Scaling-up: batch processing on the cluster with pyjeo

Summary of computing concepts

High Performance (HPC) and High Throughput Computing (HTC)

  • High Performance (HPC): Tightly-coupled, parallel applications requiring dedicated software. Need for low-latency networks that are designed for passing short messages very quickly between compute nodes (Message Passing Interface).

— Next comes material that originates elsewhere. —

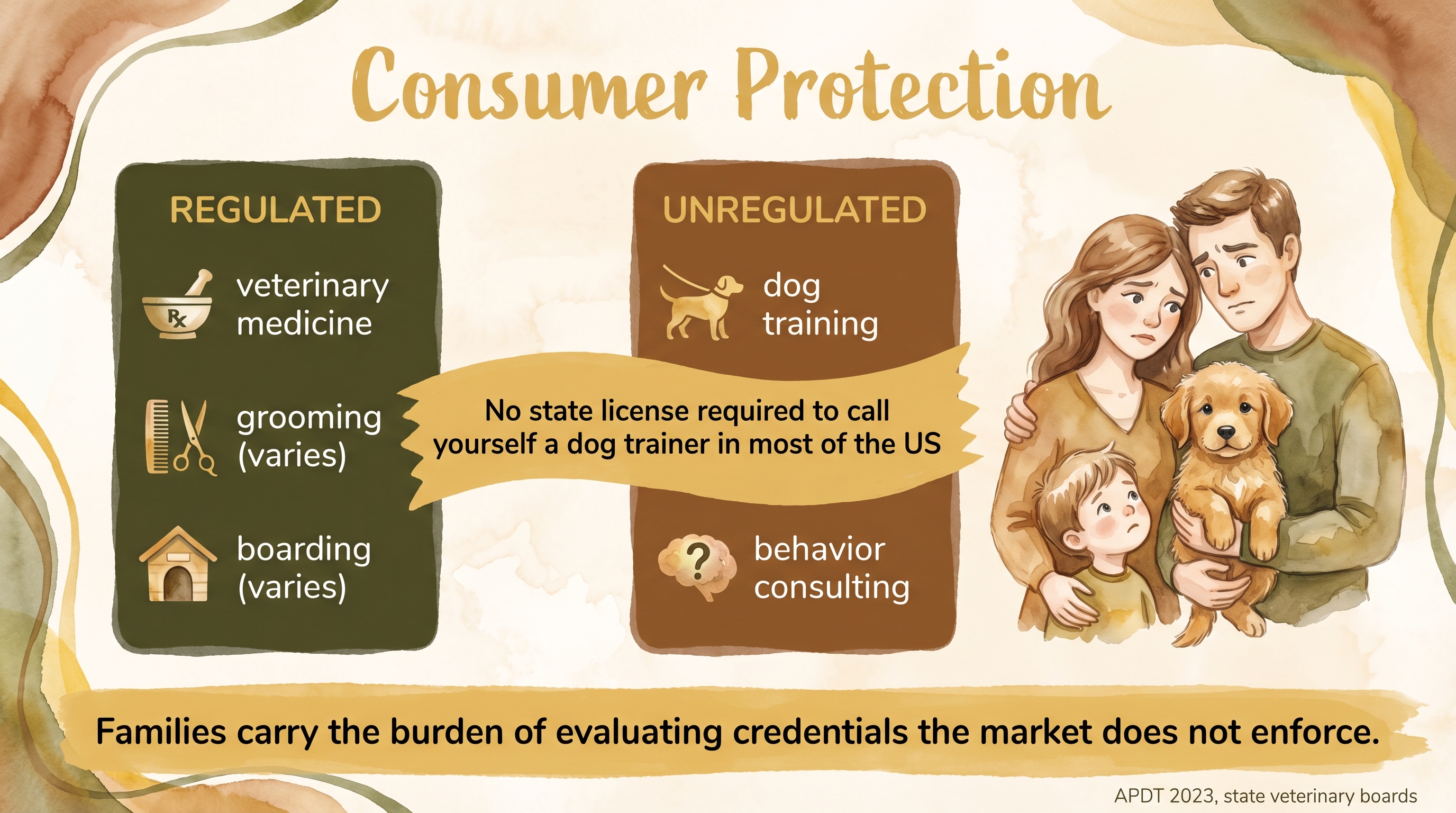 Infographic: Consumer protection in dog services showing regulated and unregulated service categories - Just Behaving Wiki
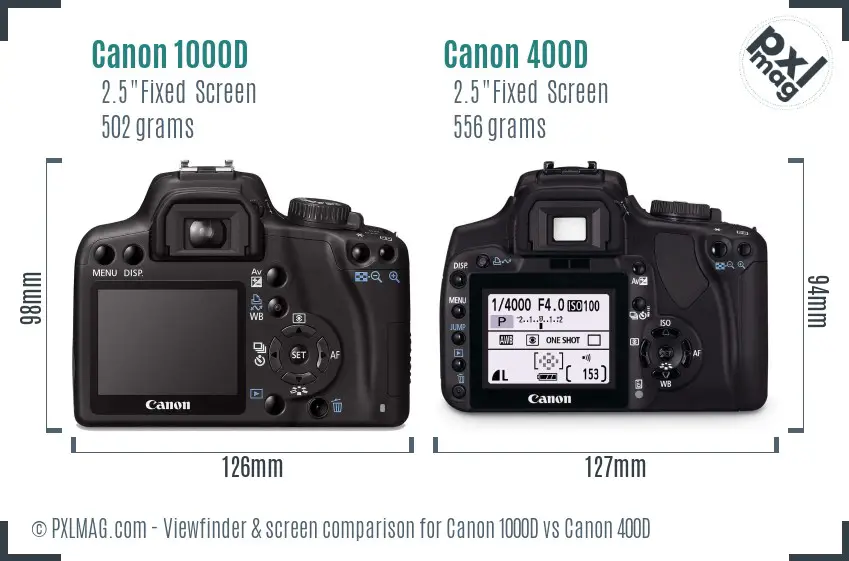 Canon 1000D vs Canon 400D Screen and Viewfinder comparison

  • High Throughput Computing (HTC): large number of loosely-coupled tasks (also called an embarrassingly parallel workload).

Parallel processing

  • Embarrassingly parallel processing with tiling: Exercise 1

  • multi-core processing with openMP (multi-threading): Exercise 2

Embarrassingly parallel processing with tiling

Using pyjeo docker image in Surf with EasyBuild

Step 1: load modules

module load Python/3.9.6-GCCcore-11.2.0
module load LibTIFF/4.3.0-GCCcore-11.2.0
module load libgeotiff/1.7.0-GCCcore-11.2.0
module load uthash/2.3.0-foss-2021b
module load shapelib/1.6.0-foss-2021b
module load GSL
module load GDAL
module load jsoncpp/1.9.5-foss-2021b
module load fann/2.2.0-foss-2021b
module load SWIG/4.2.1-foss-2021b
export PYTHONPATH=""

Step 2: pip install wheels

python -m venv pyjeo-venv
source $HOME/pyjeo-venv/bin/activate
pip install numpy==1.26.4 --force-reinstall
pip install /project/geocourse/Software/wheels/jiplib-1.1.3-py3-none-any.whl
pip install /project/geocourse/Software/wheels/pyjeo-1.1.8-py3-none-any.whl

Copy These 4 files to your local directory $HOME/scripts

cp /project/geocourse/Software/scripts/pyjeo_calculate_ndvi.sh $HOME/scripts/pyjeo_calculate_ndvi.sh
cp /project/geocourse/Software/scripts/pyjeo_calculate_ndvi.py $HOME/scripts/pyjeo_calculate_ndvi.py
cp /project/geocourse/Software/scripts/pyjeo_extract_parcels.sh $HOME/scripts/pyjeo_extract_parcels.sh
cp /project/geocourse/Software/scripts/pyjeo_extract_parcels.py $HOME/scripts/pyjeo_extract_parcels.py
wget https://raw.githubusercontent.com/selvaje/SE_data/master/exercise/PKTOOLS/pyjeo_calculate_ndvi.sh
wget https://raw.githubusercontent.com/selvaje/SE_data/master/exercise/PKTOOLS/pyjeo_calculate_ndvi.py
wget https://raw.githubusercontent.com/selvaje/SE_data/master/exercise/PKTOOLS/pyjeo_extract_parcels.sh
wget https://raw.githubusercontent.com/selvaje/SE_data/master/exercise/PKTOOLS/pyjeo_extract_parcels.py

Replace geocourse-teacher03 with your user name

Exercises

Exercise 1: Create NDVI from Sentinel-2 composite

  • Two spectral bands: red (B04), near infrared (B08)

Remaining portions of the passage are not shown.